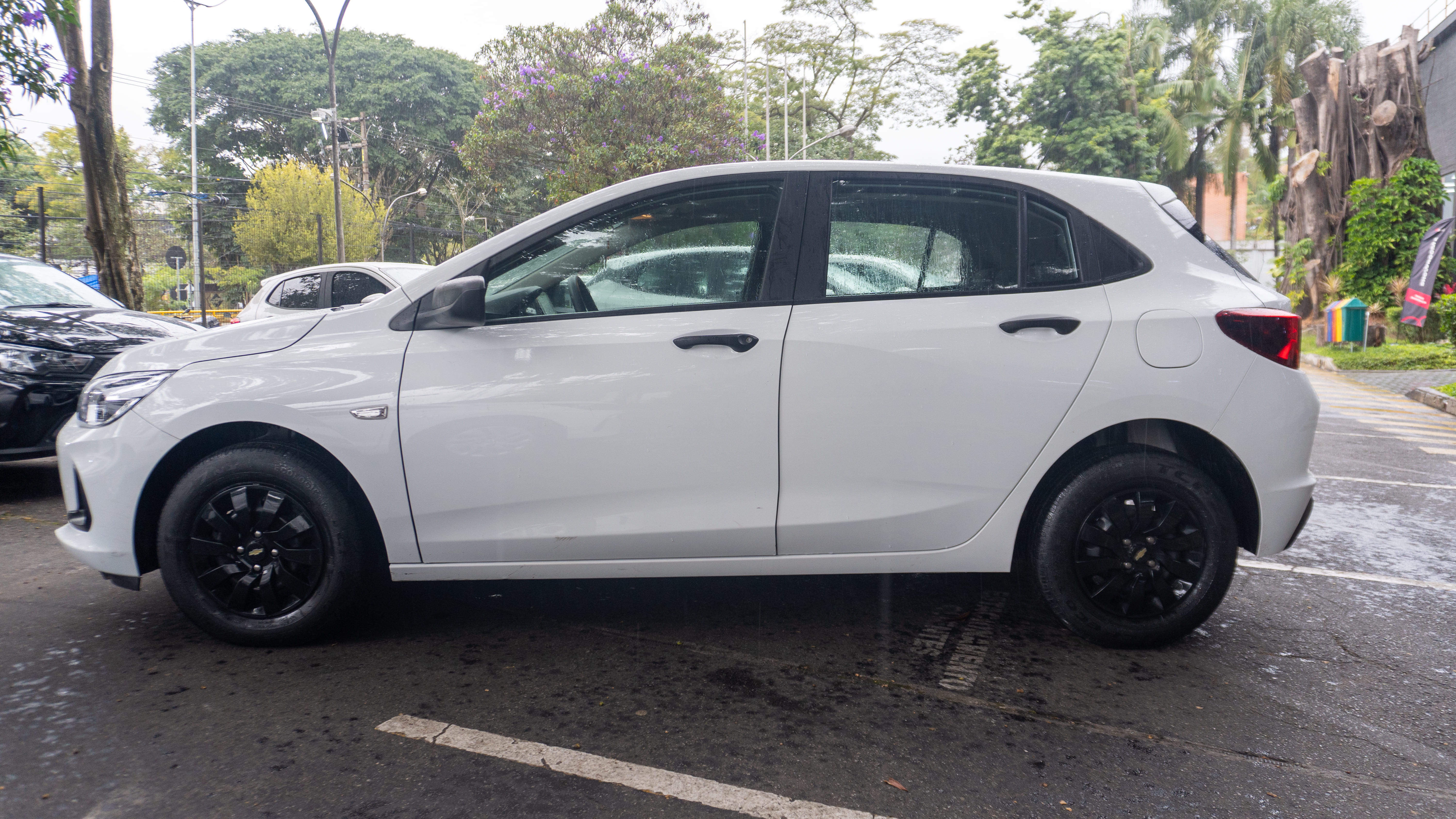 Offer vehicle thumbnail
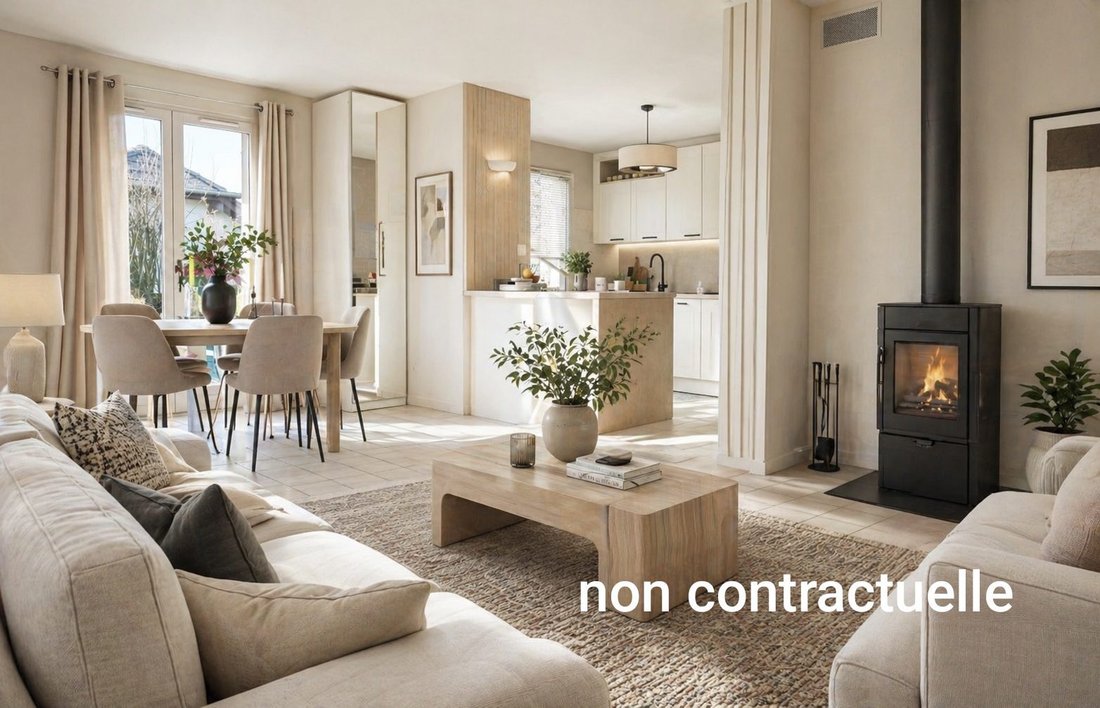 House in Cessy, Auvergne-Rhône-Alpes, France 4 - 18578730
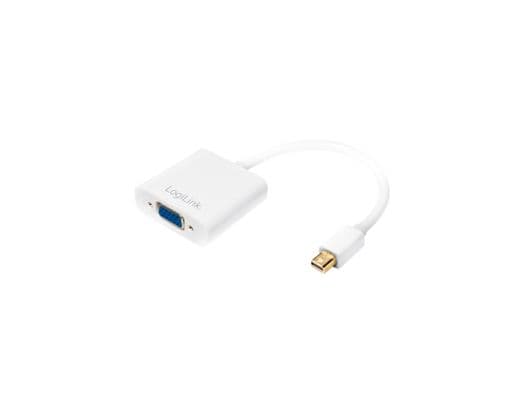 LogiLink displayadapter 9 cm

-----

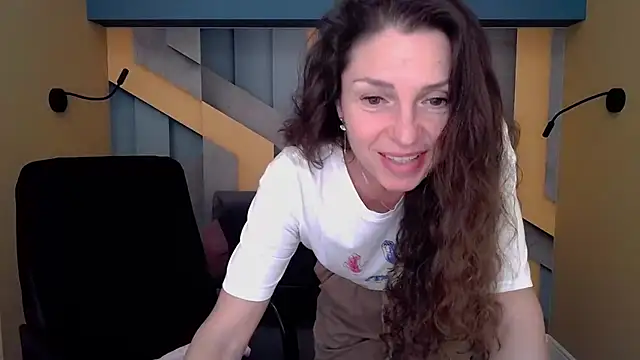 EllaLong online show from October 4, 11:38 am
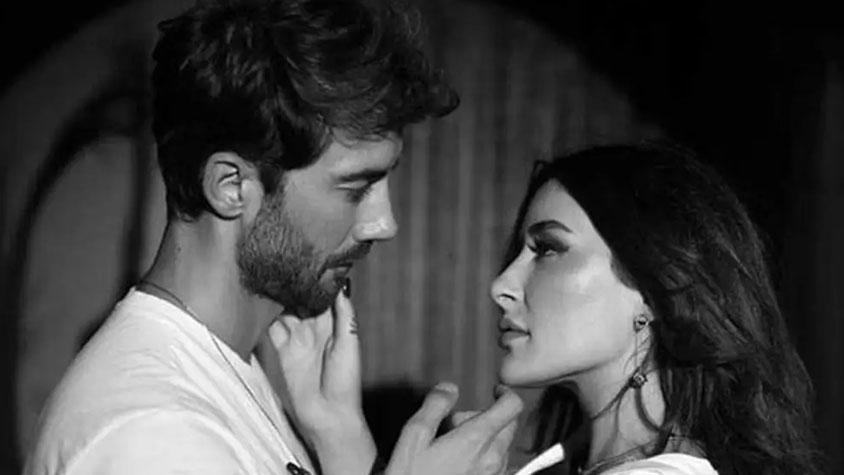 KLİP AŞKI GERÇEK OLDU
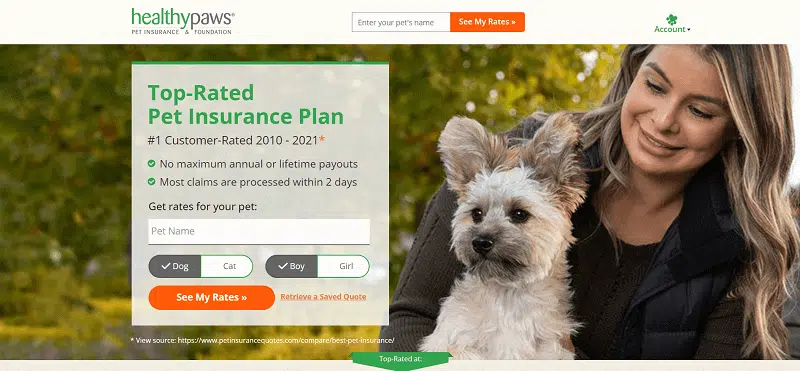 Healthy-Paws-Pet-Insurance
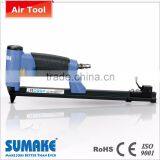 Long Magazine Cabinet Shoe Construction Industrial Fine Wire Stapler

-----

> _REQUIRED ACTION_
Within the entries above, the lines from the one containing "KLİP AŞKI GERÇEK OLDU" through the one containing "Long Magazine Cabinet" are to be transcribed exactly, ends included, pictures excluded.

> _RESULT_
 KLİP AŞKI GERÇEK OLDU
 Healthy-Paws-Pet-Insurance
 Long Magazine Cabinet Shoe Construction Industrial Fine Wire Stapler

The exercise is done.